[Caption-style text data]

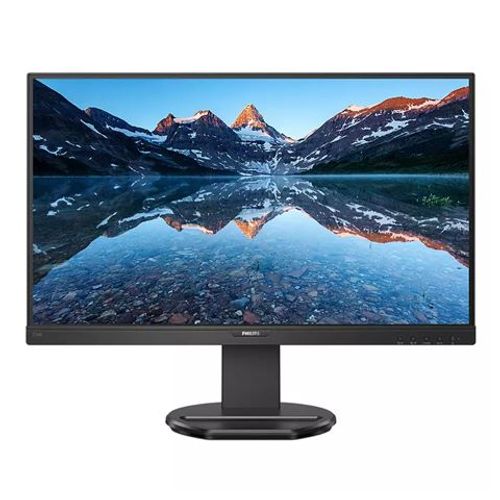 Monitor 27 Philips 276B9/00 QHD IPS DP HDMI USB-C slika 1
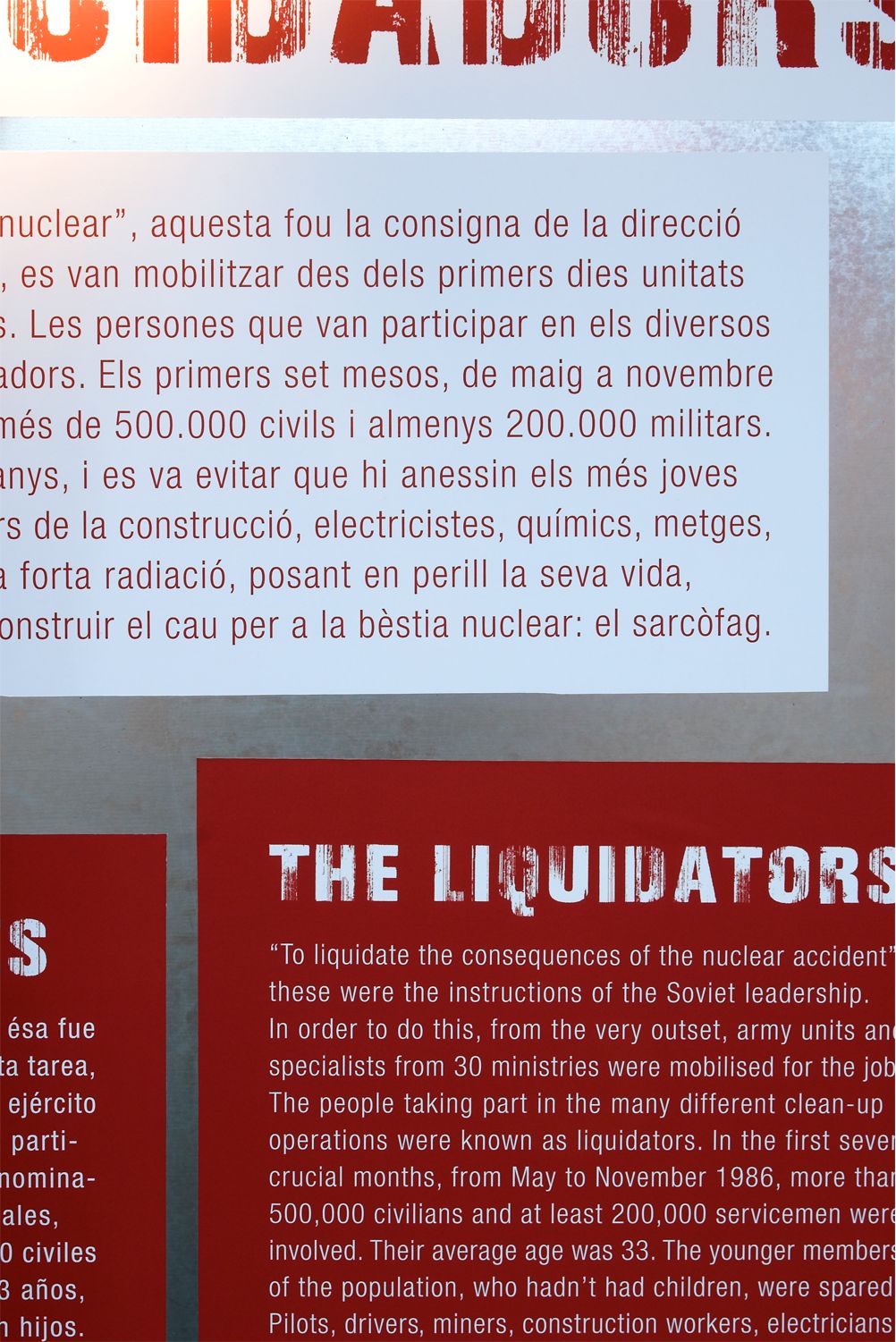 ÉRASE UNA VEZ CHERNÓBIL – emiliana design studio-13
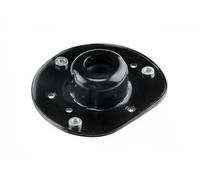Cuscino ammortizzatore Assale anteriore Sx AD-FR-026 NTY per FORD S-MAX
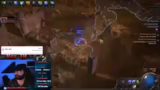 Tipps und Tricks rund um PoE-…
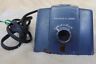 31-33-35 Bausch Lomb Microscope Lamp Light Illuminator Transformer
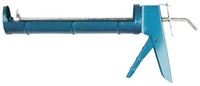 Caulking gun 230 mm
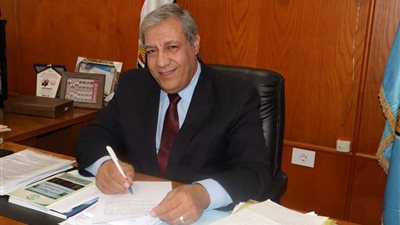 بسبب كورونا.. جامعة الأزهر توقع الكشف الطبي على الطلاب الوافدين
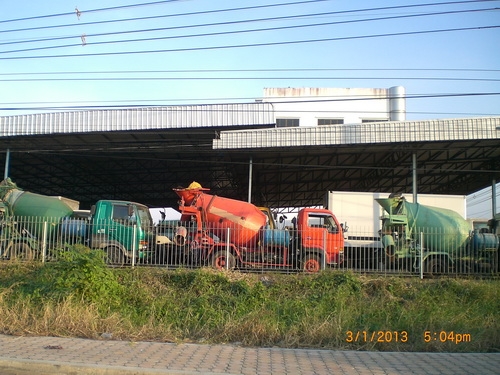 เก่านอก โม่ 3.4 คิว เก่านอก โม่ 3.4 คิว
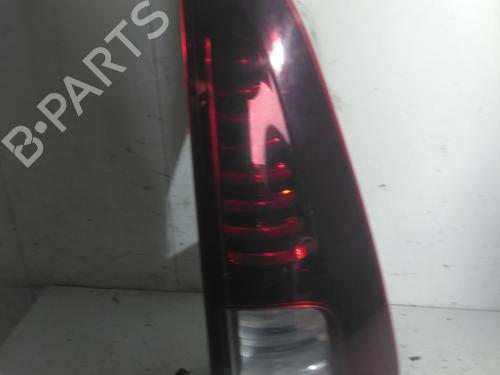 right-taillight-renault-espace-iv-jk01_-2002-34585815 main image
---
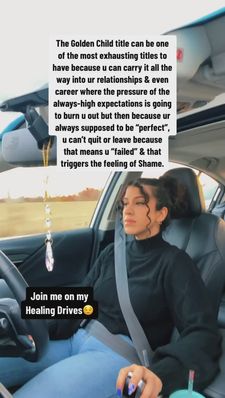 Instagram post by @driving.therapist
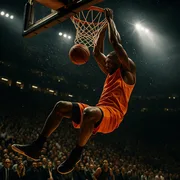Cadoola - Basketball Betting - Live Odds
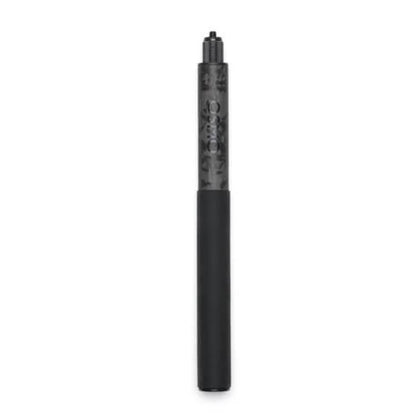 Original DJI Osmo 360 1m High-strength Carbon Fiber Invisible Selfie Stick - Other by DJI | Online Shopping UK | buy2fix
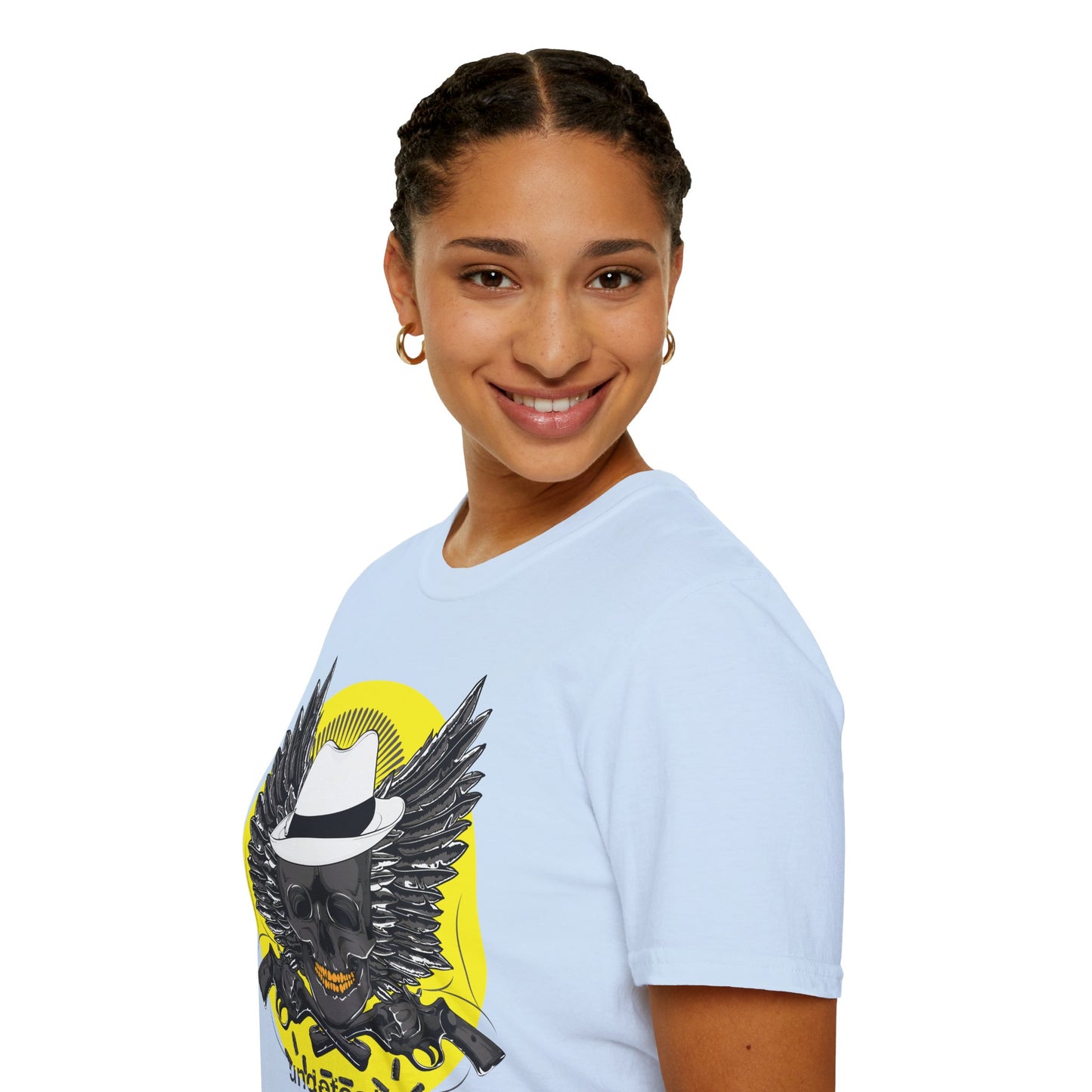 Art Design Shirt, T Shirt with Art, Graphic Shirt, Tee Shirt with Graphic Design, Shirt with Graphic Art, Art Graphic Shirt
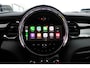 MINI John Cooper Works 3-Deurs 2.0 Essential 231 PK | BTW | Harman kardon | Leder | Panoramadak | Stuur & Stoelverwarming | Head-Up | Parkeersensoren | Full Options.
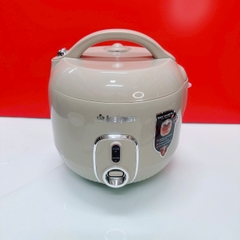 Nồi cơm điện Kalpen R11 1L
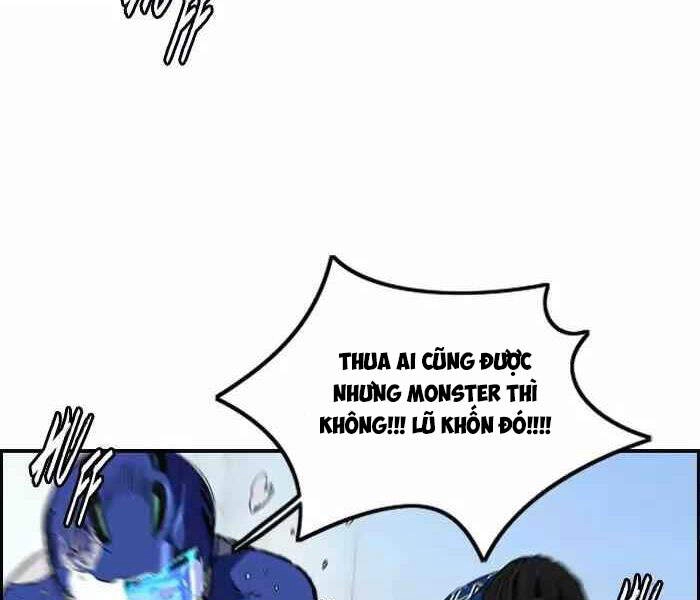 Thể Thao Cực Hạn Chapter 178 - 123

Exercise: Between and including the line with "Tipps und Tricks rund um PoE-…" and the line with "right-taillight-renault-espace-iv-jk01_-2002-34585815 main image", repeat every line exactly as it appears above, with pictures left out.

Solution to this problem:
 Tipps und Tricks rund um PoE-…
 31-33-35 Bausch Lomb Microscope Lamp Light Illuminator Transformer
 Caulking gun 230 mm
 بسبب كورونا.. جامعة الأزهر توقع الكشف الطبي على الطلاب الوافدين
 เก่านอก โม่ 3.4 คิว เก่านอก โม่ 3.4 คิว
 right-taillight-renault-espace-iv-jk01_-2002-34585815 main image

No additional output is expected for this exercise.